SOURCE MATERIAL:

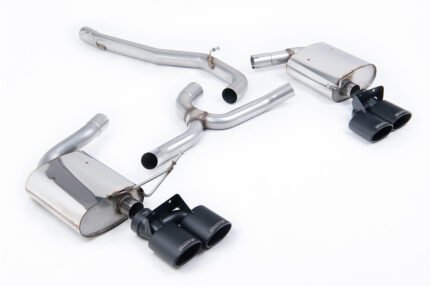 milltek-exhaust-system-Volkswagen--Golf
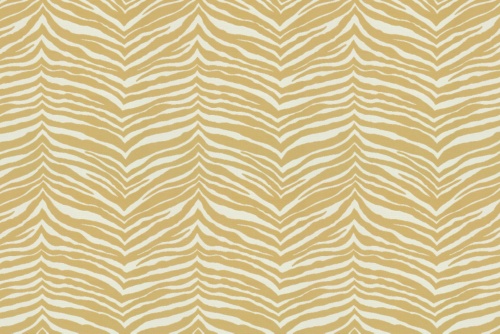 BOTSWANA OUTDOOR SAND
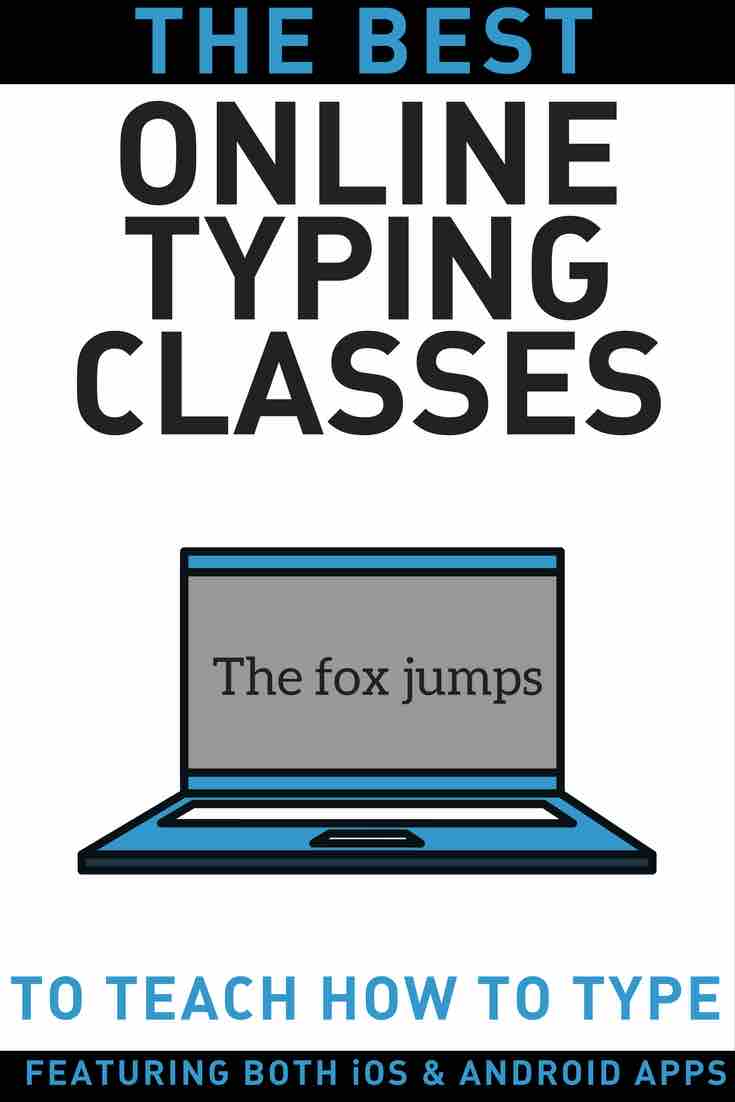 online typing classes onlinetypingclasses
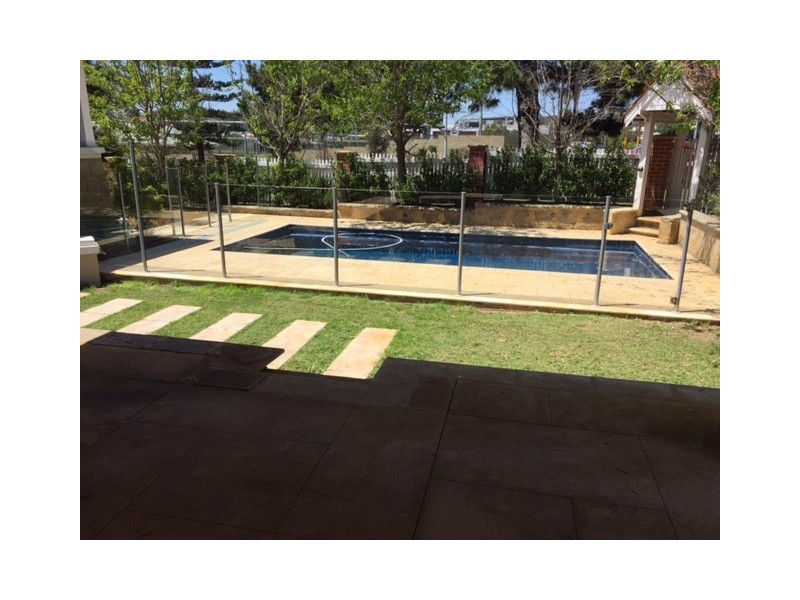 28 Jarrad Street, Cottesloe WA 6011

EXERCISE: Whenever a line holds a picture, print that line without the picture. All other data must be output exactly.

ANSWER TO THIS EXERCISE:
 milltek-exhaust-system-Volkswagen--Golf
 BOTSWANA OUTDOOR SAND
 online typing classes onlinetypingclasses
 28 Jarrad Street, Cottesloe WA 6011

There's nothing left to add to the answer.